(Beginning of SOURCE MATERIAL)

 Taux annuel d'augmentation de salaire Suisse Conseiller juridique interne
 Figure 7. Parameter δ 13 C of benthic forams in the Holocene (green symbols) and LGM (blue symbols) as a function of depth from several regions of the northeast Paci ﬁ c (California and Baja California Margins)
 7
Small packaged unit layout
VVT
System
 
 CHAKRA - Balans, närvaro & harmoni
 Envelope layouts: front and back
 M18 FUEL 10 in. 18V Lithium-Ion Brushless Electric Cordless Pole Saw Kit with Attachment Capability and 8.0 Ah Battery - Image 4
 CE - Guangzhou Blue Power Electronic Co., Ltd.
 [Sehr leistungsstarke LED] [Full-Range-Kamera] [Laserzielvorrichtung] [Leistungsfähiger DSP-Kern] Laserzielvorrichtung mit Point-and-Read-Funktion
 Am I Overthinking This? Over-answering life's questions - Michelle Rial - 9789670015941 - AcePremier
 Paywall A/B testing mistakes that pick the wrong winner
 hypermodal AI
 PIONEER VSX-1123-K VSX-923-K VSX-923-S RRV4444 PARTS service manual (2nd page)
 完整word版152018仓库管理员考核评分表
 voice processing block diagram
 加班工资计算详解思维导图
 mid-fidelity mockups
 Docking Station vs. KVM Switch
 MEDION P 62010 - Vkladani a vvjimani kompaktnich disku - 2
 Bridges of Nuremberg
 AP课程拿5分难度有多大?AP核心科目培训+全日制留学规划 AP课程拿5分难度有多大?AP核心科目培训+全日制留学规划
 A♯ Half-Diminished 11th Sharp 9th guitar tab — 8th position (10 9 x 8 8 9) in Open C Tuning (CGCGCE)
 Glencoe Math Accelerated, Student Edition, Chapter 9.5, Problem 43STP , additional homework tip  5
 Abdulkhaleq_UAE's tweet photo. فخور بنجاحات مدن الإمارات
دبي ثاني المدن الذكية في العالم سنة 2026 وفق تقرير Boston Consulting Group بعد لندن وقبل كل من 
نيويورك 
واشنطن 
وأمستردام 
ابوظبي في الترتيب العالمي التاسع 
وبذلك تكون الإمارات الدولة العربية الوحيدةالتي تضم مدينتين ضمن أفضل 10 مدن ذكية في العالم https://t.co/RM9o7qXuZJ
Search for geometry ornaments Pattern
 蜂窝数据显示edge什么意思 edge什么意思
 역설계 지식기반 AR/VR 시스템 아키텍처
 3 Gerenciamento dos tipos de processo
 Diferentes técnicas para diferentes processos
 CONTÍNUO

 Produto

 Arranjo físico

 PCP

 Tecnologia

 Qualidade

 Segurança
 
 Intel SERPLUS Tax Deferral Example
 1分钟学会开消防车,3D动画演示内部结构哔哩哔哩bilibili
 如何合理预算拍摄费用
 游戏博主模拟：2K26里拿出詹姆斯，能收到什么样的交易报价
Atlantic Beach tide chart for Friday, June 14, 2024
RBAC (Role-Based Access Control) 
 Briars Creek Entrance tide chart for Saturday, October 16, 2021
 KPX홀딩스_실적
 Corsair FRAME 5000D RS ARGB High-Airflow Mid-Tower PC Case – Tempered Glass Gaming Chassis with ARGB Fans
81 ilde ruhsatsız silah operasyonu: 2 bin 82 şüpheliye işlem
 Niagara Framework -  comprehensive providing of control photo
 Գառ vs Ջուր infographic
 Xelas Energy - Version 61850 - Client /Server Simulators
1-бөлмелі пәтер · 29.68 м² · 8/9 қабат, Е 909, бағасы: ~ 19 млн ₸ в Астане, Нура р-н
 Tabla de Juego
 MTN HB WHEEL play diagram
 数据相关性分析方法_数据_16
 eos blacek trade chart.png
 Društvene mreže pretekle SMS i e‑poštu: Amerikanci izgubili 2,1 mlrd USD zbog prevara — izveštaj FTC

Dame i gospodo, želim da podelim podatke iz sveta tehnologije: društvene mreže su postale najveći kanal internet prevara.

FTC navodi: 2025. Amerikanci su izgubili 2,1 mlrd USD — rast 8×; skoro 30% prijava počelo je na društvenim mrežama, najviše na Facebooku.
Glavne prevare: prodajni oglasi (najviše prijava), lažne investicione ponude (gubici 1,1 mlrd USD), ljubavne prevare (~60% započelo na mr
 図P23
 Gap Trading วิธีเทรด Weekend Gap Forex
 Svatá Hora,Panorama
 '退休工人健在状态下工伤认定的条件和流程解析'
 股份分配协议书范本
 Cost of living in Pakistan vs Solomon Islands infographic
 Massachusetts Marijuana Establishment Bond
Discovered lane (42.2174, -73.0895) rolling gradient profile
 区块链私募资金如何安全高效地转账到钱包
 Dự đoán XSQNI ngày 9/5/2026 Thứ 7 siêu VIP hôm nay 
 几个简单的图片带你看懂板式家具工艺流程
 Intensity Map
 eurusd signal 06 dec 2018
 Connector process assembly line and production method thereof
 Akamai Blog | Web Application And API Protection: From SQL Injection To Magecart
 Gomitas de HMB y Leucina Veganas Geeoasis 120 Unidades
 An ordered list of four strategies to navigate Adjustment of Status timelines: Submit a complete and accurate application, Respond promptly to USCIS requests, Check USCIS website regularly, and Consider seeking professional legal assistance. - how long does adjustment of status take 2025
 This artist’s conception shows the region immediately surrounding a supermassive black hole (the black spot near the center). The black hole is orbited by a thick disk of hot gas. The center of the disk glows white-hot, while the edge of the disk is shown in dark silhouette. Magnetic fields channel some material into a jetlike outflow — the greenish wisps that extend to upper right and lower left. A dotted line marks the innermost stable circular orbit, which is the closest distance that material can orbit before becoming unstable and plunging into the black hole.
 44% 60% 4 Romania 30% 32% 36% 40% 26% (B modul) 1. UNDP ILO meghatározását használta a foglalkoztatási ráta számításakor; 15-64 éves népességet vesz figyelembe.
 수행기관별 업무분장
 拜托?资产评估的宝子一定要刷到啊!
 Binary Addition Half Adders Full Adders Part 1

(End of SOURCE MATERIAL)

Make an exact transcription of the entries above.

EXPECTED OUTPUT>
 Taux annuel d'augmentation de salaire Suisse Conseiller juridique interne
 Figure 7. Parameter δ 13 C of benthic forams in the Holocene (green symbols) and LGM (blue symbols) as a function of depth from several regions of the northeast Paci ﬁ c (California and Baja California Margins)
 7
Small packaged unit layout
VVT
System
 
 CHAKRA - Balans, närvaro & harmoni
 Envelope layouts: front and back
 M18 FUEL 10 in. 18V Lithium-Ion Brushless Electric Cordless Pole Saw Kit with Attachment Capability and 8.0 Ah Battery - Image 4
 CE - Guangzhou Blue Power Electronic Co., Ltd.
 [Sehr leistungsstarke LED] [Full-Range-Kamera] [Laserzielvorrichtung] [Leistungsfähiger DSP-Kern] Laserzielvorrichtung mit Point-and-Read-Funktion
 Am I Overthinking This? Over-answering life's questions - Michelle Rial - 9789670015941 - AcePremier
 Paywall A/B testing mistakes that pick the wrong winner
 hypermodal AI
 PIONEER VSX-1123-K VSX-923-K VSX-923-S RRV4444 PARTS service manual (2nd page)
 完整word版152018仓库管理员考核评分表
 voice processing block diagram
 加班工资计算详解思维导图
 mid-fidelity mockups
 Docking Station vs. KVM Switch
 MEDION P 62010 - Vkladani a vvjimani kompaktnich disku - 2
 Bridges of Nuremberg
 AP课程拿5分难度有多大?AP核心科目培训+全日制留学规划 AP课程拿5分难度有多大?AP核心科目培训+全日制留学规划
 A♯ Half-Diminished 11th Sharp 9th guitar tab — 8th position (10 9 x 8 8 9) in Open C Tuning (CGCGCE)
 Glencoe Math Accelerated, Student Edition, Chapter 9.5, Problem 43STP , additional homework tip  5
 Abdulkhaleq_UAE's tweet photo. فخور بنجاحات مدن الإمارات
دبي ثاني المدن الذكية في العالم سنة 2026 وفق تقرير Boston Consulting Group بعد لندن وقبل كل من 
نيويورك 
واشنطن 
وأمستردام 
ابوظبي في الترتيب العالمي التاسع 
وبذلك تكون الإمارات الدولة العربية الوحيدةالتي تضم مدينتين ضمن أفضل 10 مدن ذكية في العالم https://t.co/RM9o7qXuZJ
Search for geometry ornaments Pattern
 蜂窝数据显示edge什么意思 edge什么意思
 역설계 지식기반 AR/VR 시스템 아키텍처
 3 Gerenciamento dos tipos de processo
 Diferentes técnicas para diferentes processos
 CONTÍNUO

 Produto

 Arranjo físico

 PCP

 Tecnologia

 Qualidade

 Segurança
 
 Intel SERPLUS Tax Deferral Example
 1分钟学会开消防车,3D动画演示内部结构哔哩哔哩bilibili
 如何合理预算拍摄费用
 游戏博主模拟：2K26里拿出詹姆斯，能收到什么样的交易报价
Atlantic Beach tide chart for Friday, June 14, 2024
RBAC (Role-Based Access Control) 
 Briars Creek Entrance tide chart for Saturday, October 16, 2021
 KPX홀딩스_실적
 Corsair FRAME 5000D RS ARGB High-Airflow Mid-Tower PC Case – Tempered Glass Gaming Chassis with ARGB Fans
81 ilde ruhsatsız silah operasyonu: 2 bin 82 şüpheliye işlem
 Niagara Framework -  comprehensive providing of control photo
 Գառ vs Ջուր infographic
 Xelas Energy - Version 61850 - Client /Server Simulators
1-бөлмелі пәтер · 29.68 м² · 8/9 қабат, Е 909, бағасы: ~ 19 млн ₸ в Астане, Нура р-н
 Tabla de Juego
 MTN HB WHEEL play diagram
 数据相关性分析方法_数据_16
 eos blacek trade chart.png
 Društvene mreže pretekle SMS i e‑poštu: Amerikanci izgubili 2,1 mlrd USD zbog prevara — izveštaj FTC

Dame i gospodo, želim da podelim podatke iz sveta tehnologije: društvene mreže su postale najveći kanal internet prevara.

FTC navodi: 2025. Amerikanci su izgubili 2,1 mlrd USD — rast 8×; skoro 30% prijava počelo je na društvenim mrežama, najviše na Facebooku.
Glavne prevare: prodajni oglasi (najviše prijava), lažne investicione ponude (gubici 1,1 mlrd USD), ljubavne prevare (~60% započelo na mr
 図P23
 Gap Trading วิธีเทรด Weekend Gap Forex
 Svatá Hora,Panorama
 '退休工人健在状态下工伤认定的条件和流程解析'
 股份分配协议书范本
 Cost of living in Pakistan vs Solomon Islands infographic
 Massachusetts Marijuana Establishment Bond
Discovered lane (42.2174, -73.0895) rolling gradient profile
 区块链私募资金如何安全高效地转账到钱包
 Dự đoán XSQNI ngày 9/5/2026 Thứ 7 siêu VIP hôm nay 
 几个简单的图片带你看懂板式家具工艺流程
 Intensity Map
 eurusd signal 06 dec 2018
 Connector process assembly line and production method thereof
 Akamai Blog | Web Application And API Protection: From SQL Injection To Magecart
 Gomitas de HMB y Leucina Veganas Geeoasis 120 Unidades
 An ordered list of four strategies to navigate Adjustment of Status timelines: Submit a complete and accurate application, Respond promptly to USCIS requests, Check USCIS website regularly, and Consider seeking professional legal assistance. - how long does adjustment of status take 2025
 This artist’s conception shows the region immediately surrounding a supermassive black hole (the black spot near the center). The black hole is orbited by a thick disk of hot gas. The center of the disk glows white-hot, while the edge of the disk is shown in dark silhouette. Magnetic fields channel some material into a jetlike outflow — the greenish wisps that extend to upper right and lower left. A dotted line marks the innermost stable circular orbit, which is the closest distance that material can orbit before becoming unstable and plunging into the black hole.
 44% 60% 4 Romania 30% 32% 36% 40% 26% (B modul) 1. UNDP ILO meghatározását használta a foglalkoztatási ráta számításakor; 15-64 éves népességet vesz figyelembe.
 수행기관별 업무분장
 拜托?资产评估的宝子一定要刷到啊!
 Binary Addition Half Adders Full Adders Part 1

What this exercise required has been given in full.